The entries that follow should be repeated exactly, with no pictures kept.

▶ **Scraped caption text data**

----------

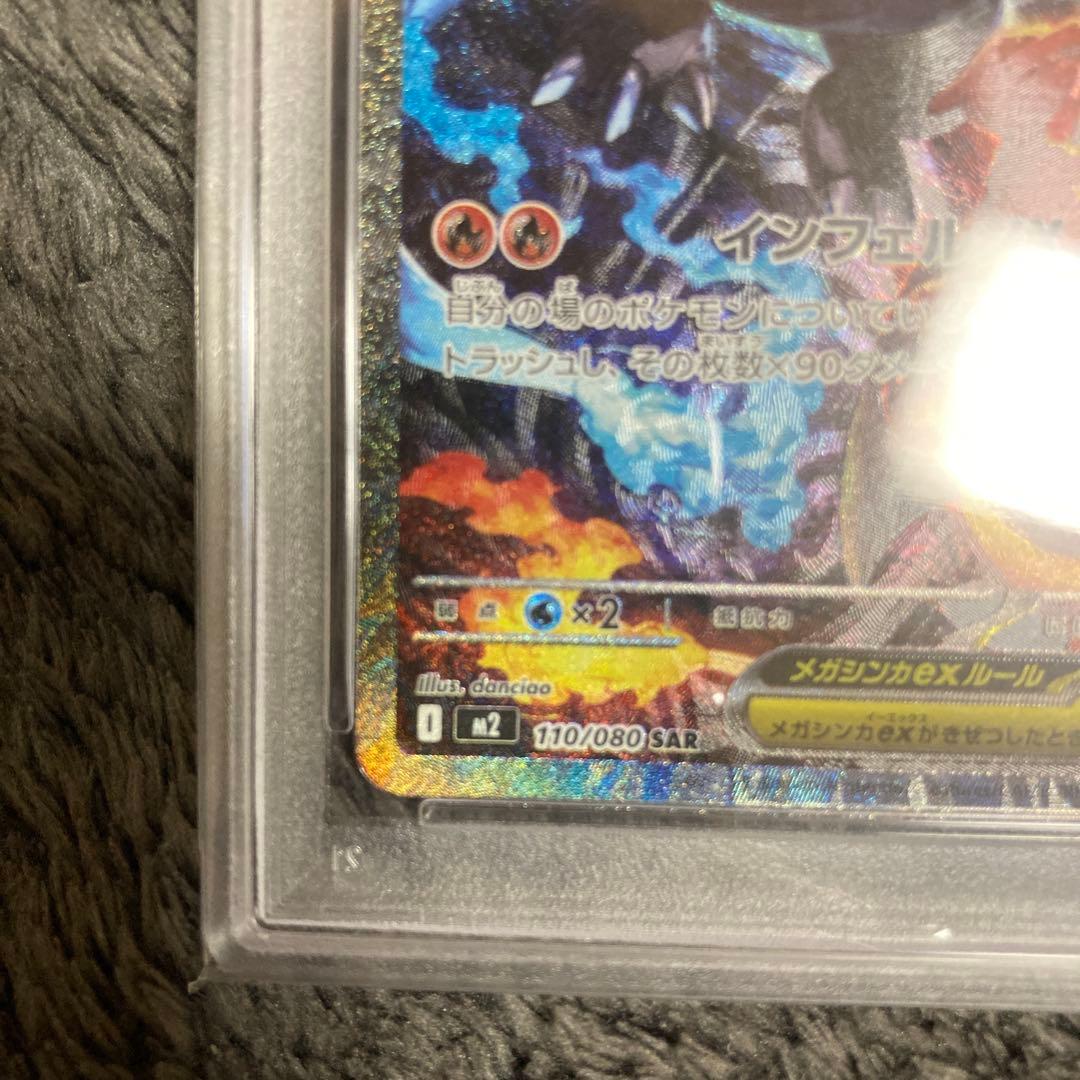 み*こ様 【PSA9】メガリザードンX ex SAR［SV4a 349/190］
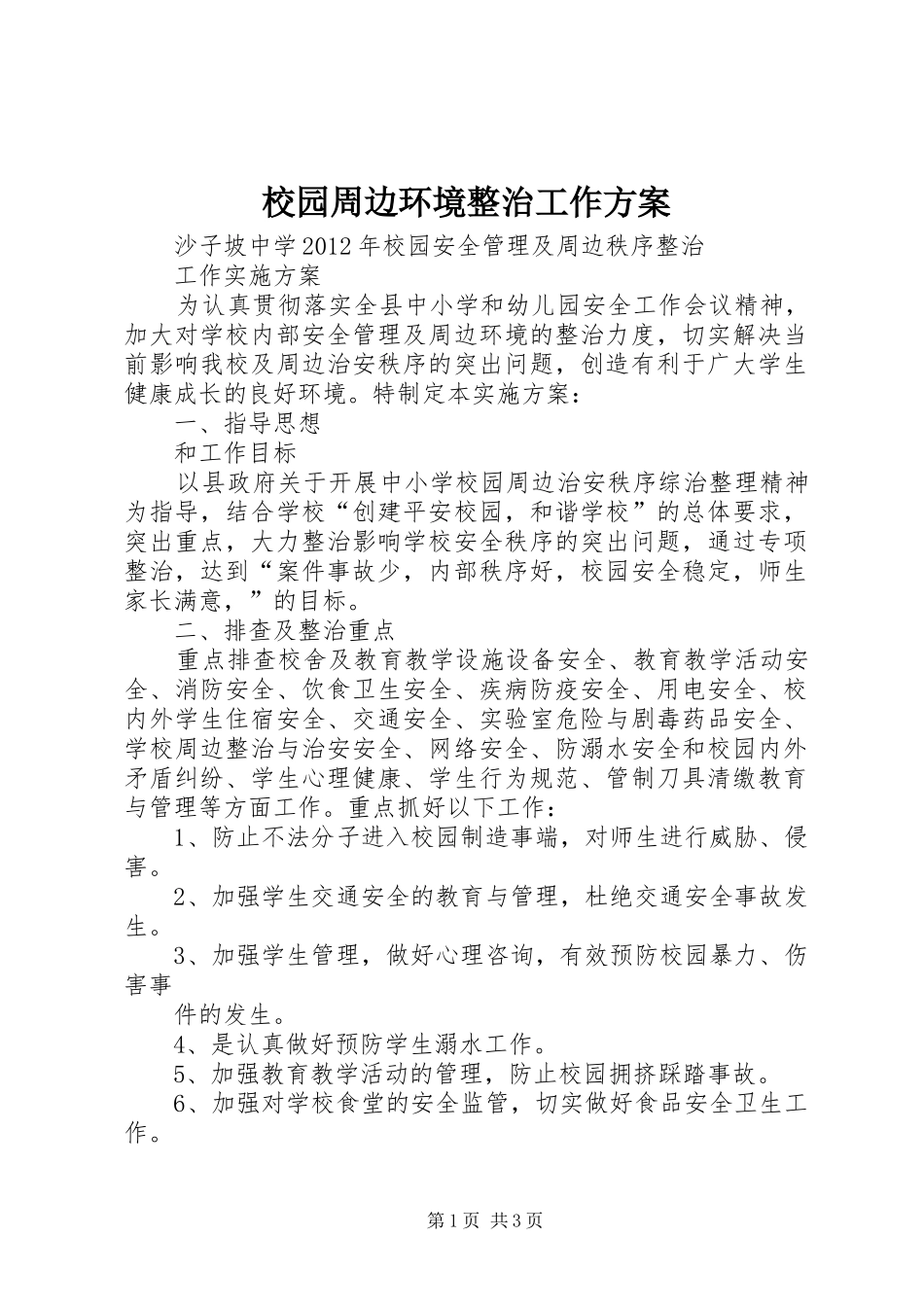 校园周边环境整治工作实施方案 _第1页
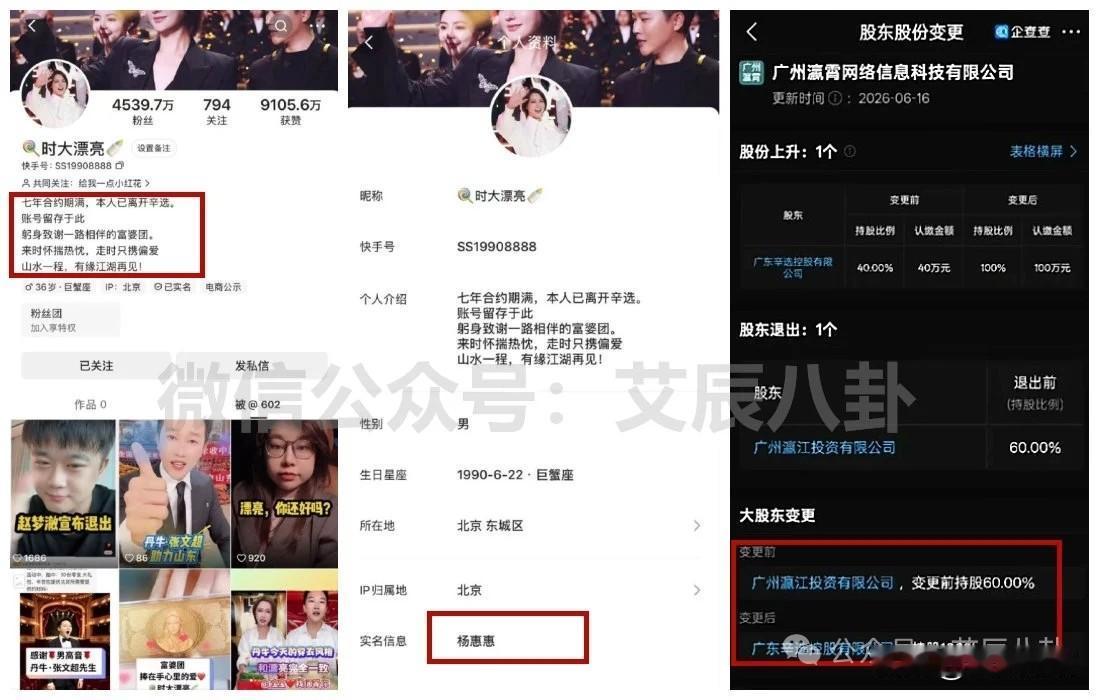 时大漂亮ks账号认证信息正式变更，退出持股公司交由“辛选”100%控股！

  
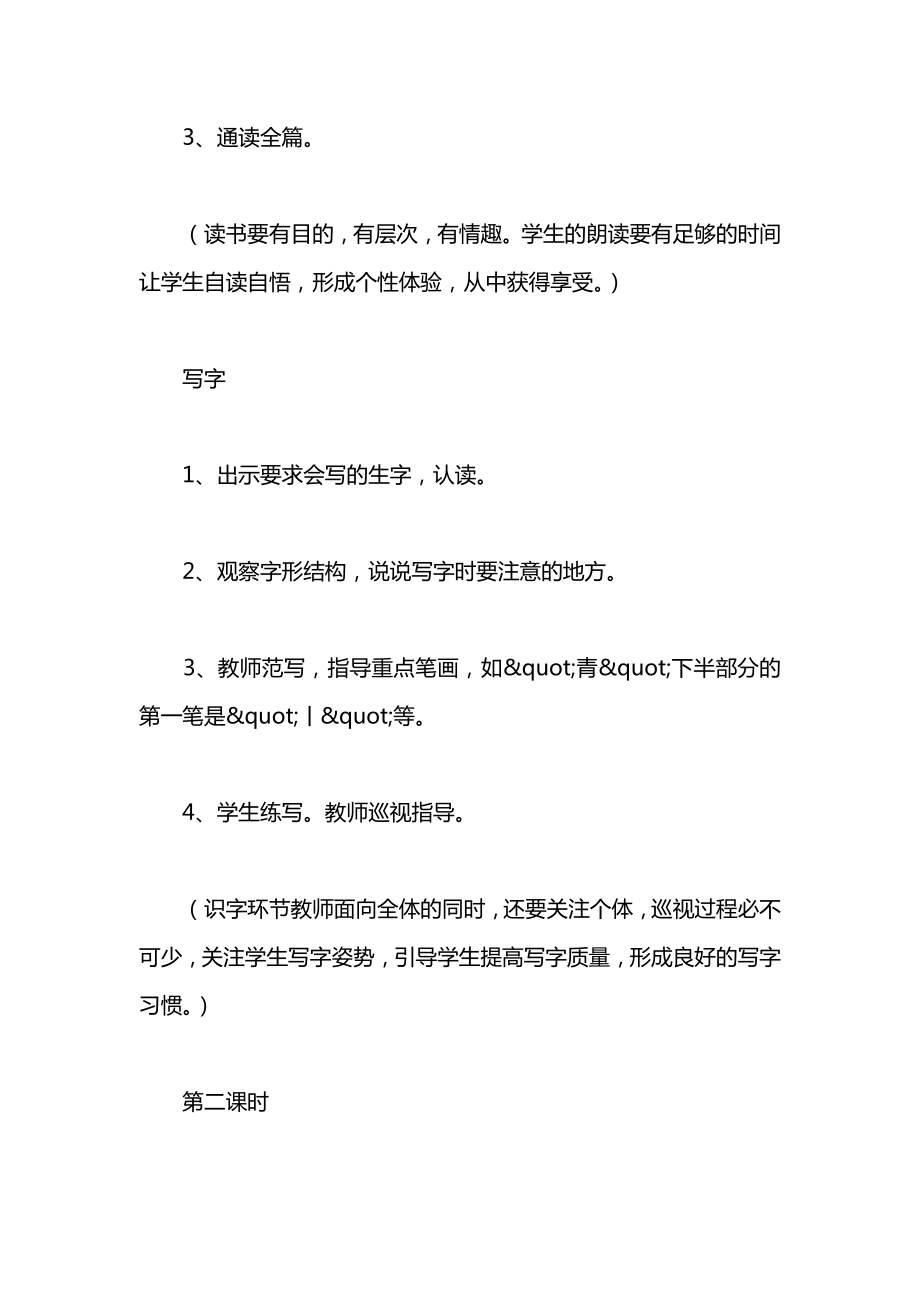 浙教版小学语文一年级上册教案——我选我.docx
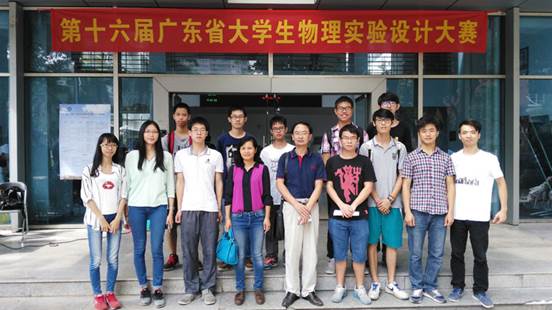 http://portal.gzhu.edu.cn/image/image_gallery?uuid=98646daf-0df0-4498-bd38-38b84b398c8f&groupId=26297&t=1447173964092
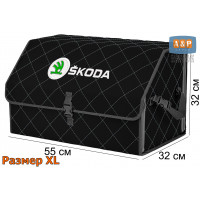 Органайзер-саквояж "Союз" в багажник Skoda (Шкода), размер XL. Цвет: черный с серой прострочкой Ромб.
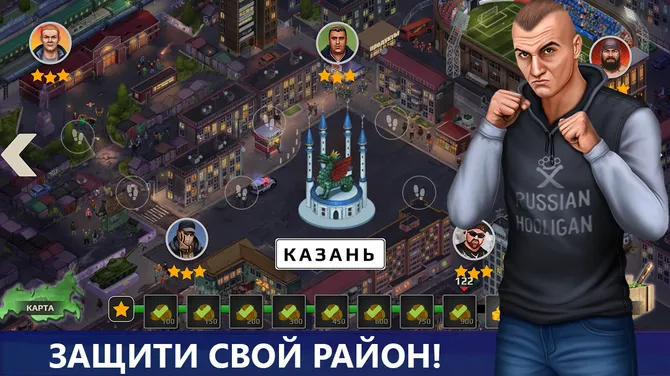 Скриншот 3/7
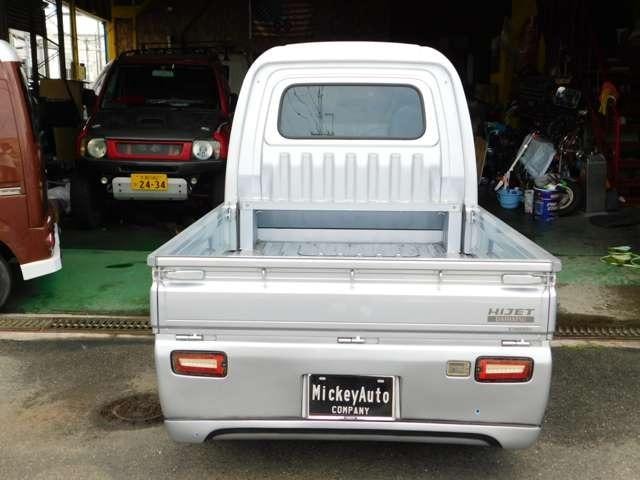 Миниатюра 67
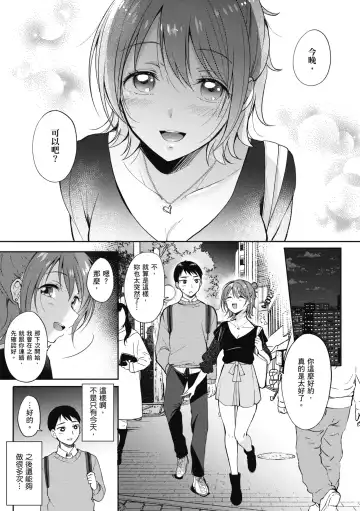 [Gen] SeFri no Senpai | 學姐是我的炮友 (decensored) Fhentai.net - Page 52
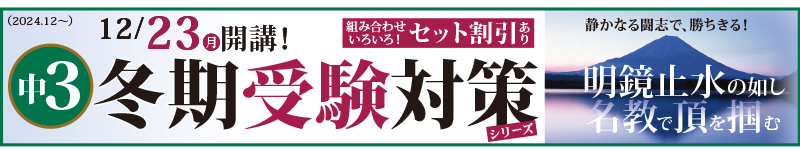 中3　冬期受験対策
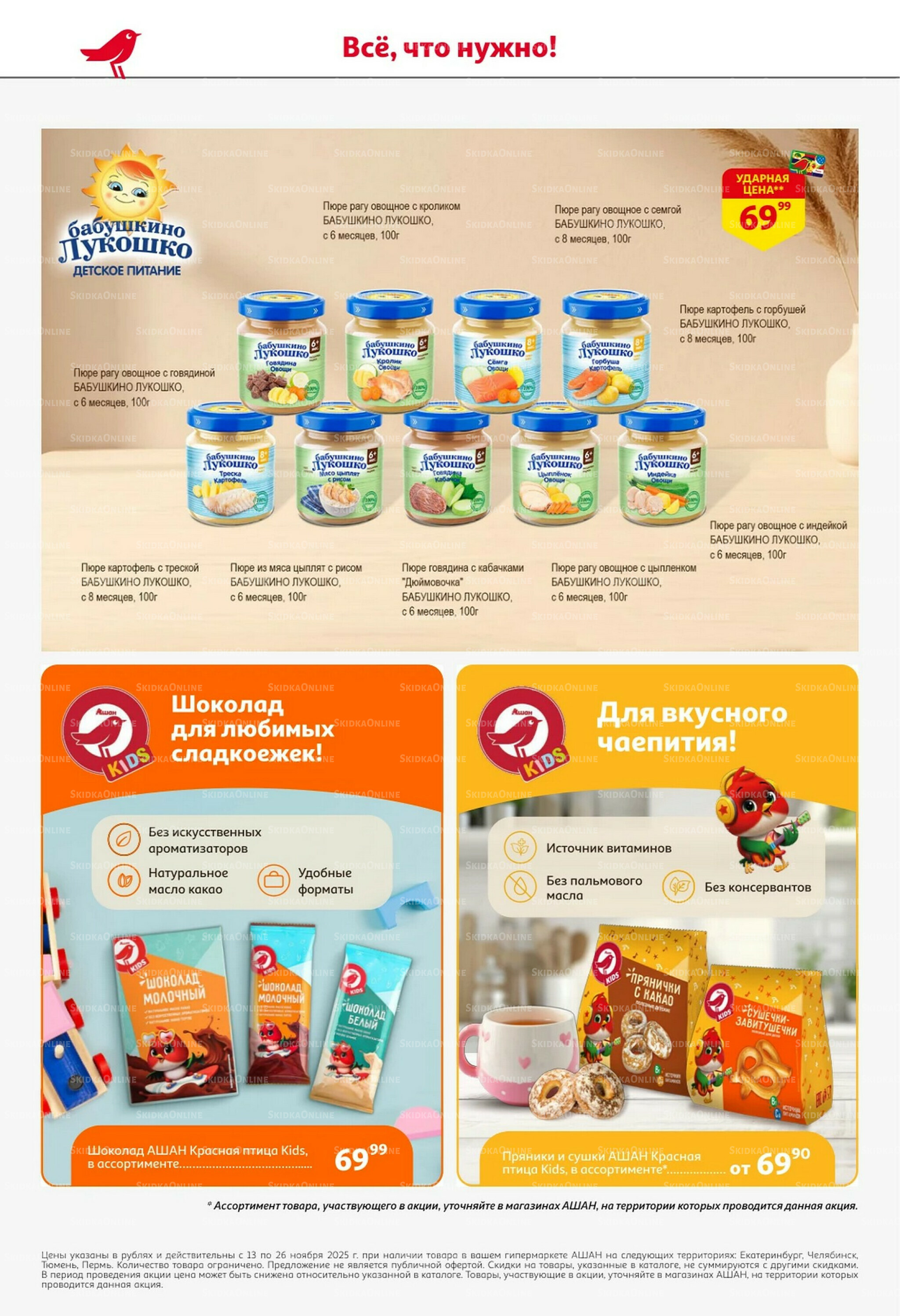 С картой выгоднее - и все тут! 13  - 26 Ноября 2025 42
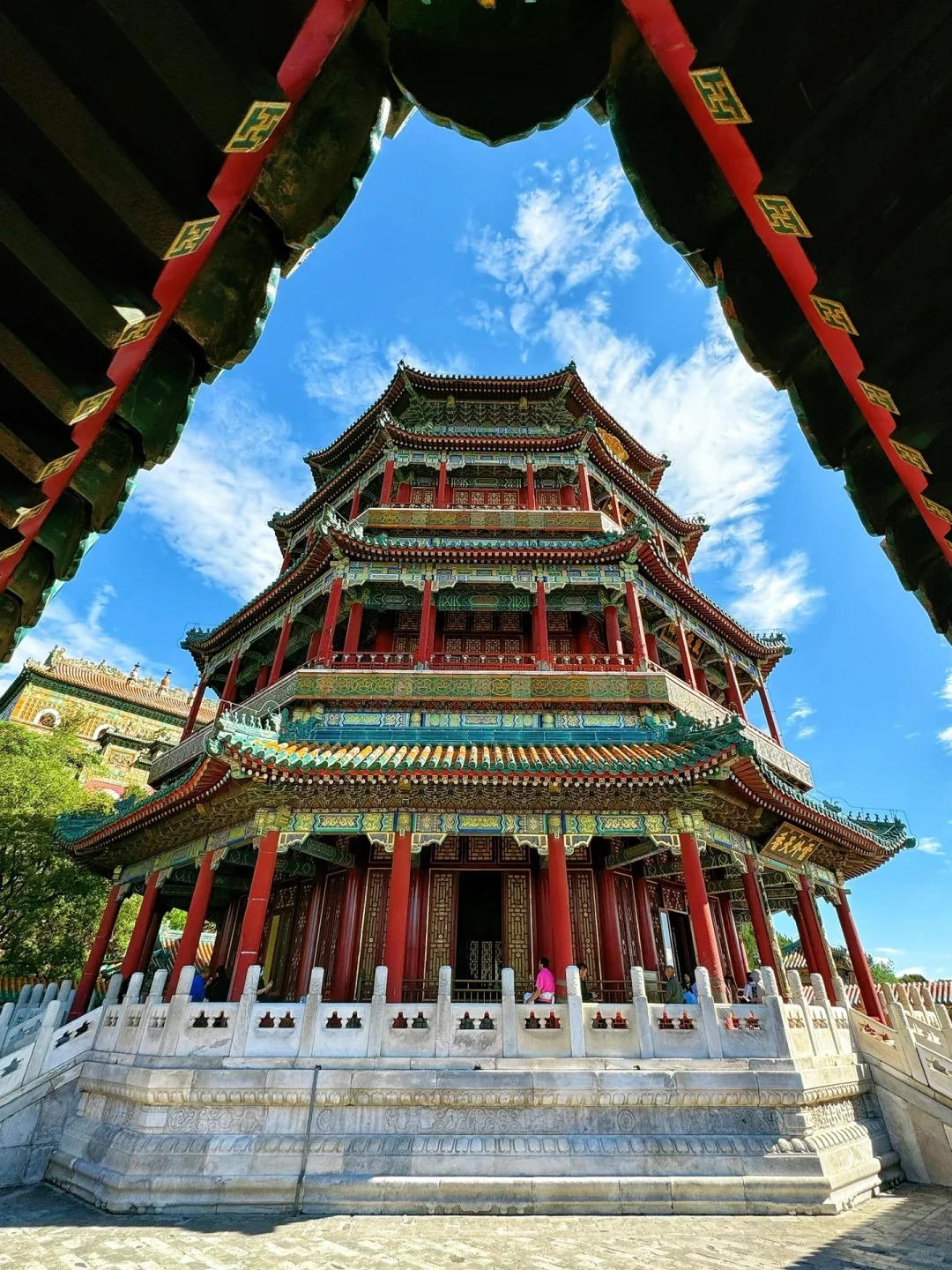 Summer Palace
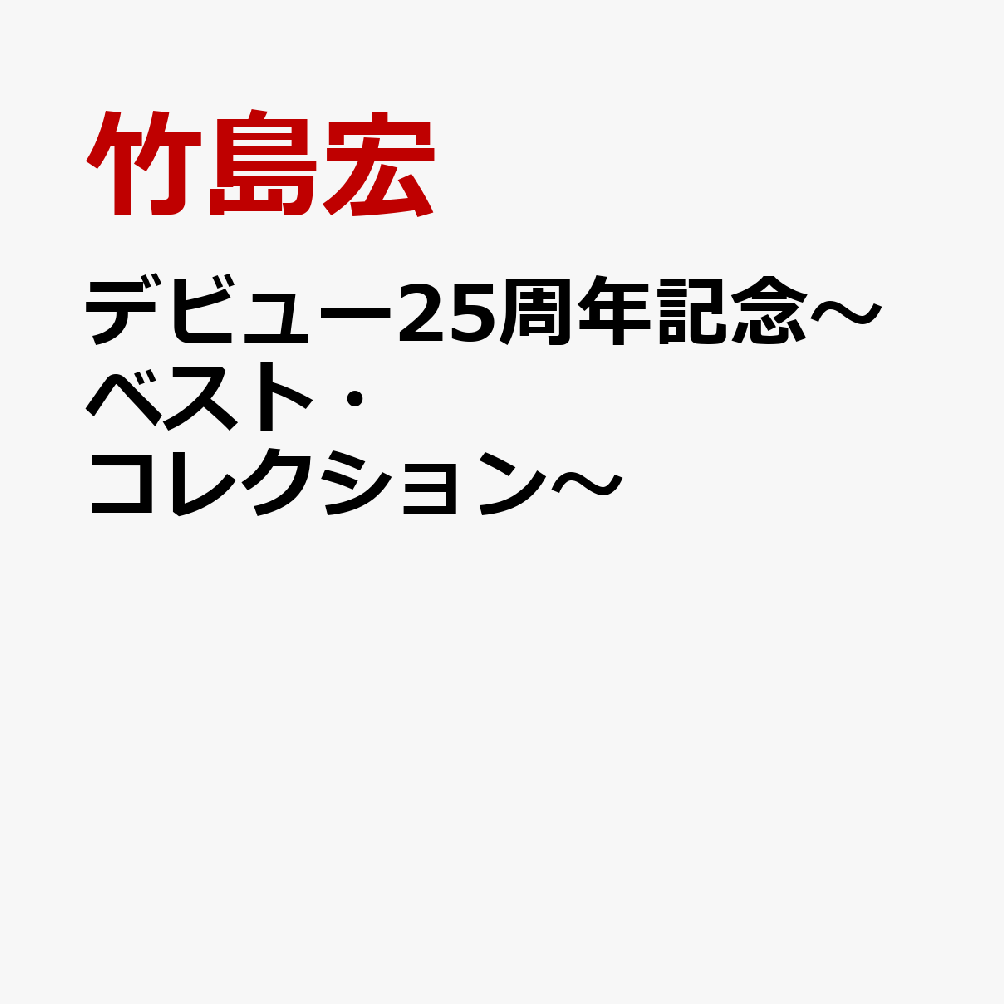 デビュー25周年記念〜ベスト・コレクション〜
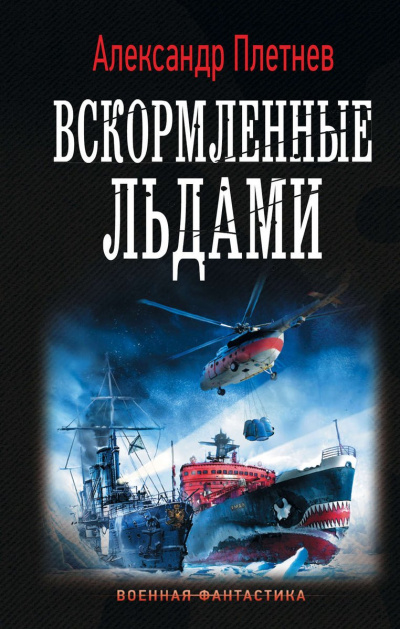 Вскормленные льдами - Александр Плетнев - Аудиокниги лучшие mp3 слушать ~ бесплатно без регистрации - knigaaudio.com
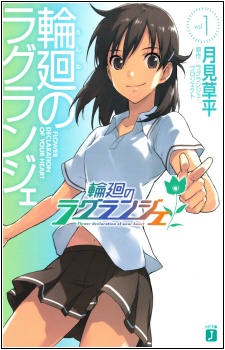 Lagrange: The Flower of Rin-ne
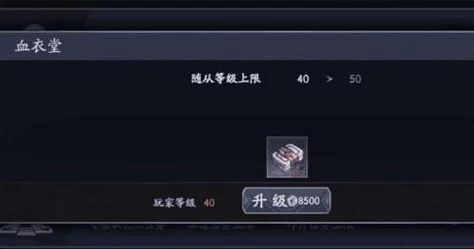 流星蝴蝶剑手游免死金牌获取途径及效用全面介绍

----------

▶ **Solution**
 み*こ様 【PSA9】メガリザードンX ex SAR［SV4a 349/190］
 校园周边环境整治工作实施方案 _第1页
 时大漂亮ks账号认证信息正式变更，退出持股公司交由“辛选”100%控股！

  
 浙教版小学语文一年级上册教案——我选我.docx
 http://portal.gzhu.edu.cn/image/image_gallery?uuid=98646daf-0df0-4498-bd38-38b84b398c8f&groupId=26297&t=1447173964092
 Органайзер-саквояж "Союз" в багажник Skoda (Шкода), размер XL. Цвет: черный с серой прострочкой Ромб.
 Скриншот 3/7
 Миниатюра 67
 [Gen] SeFri no Senpai | 學姐是我的炮友 (decensored) Fhentai.net - Page 52
 中3　冬期受験対策
 С картой выгоднее - и все тут! 13  - 26 Ноября 2025 42
 Summer Palace
 デビュー25周年記念〜ベスト・コレクション〜
 Вскормленные льдами - Александр Плетнев - Аудиокниги лучшие mp3 слушать ~ бесплатно без регистрации - knigaaudio.com
 Lagrange: The Flower of Rin-ne
 流星蝴蝶剑手游免死金牌获取途径及效用全面介绍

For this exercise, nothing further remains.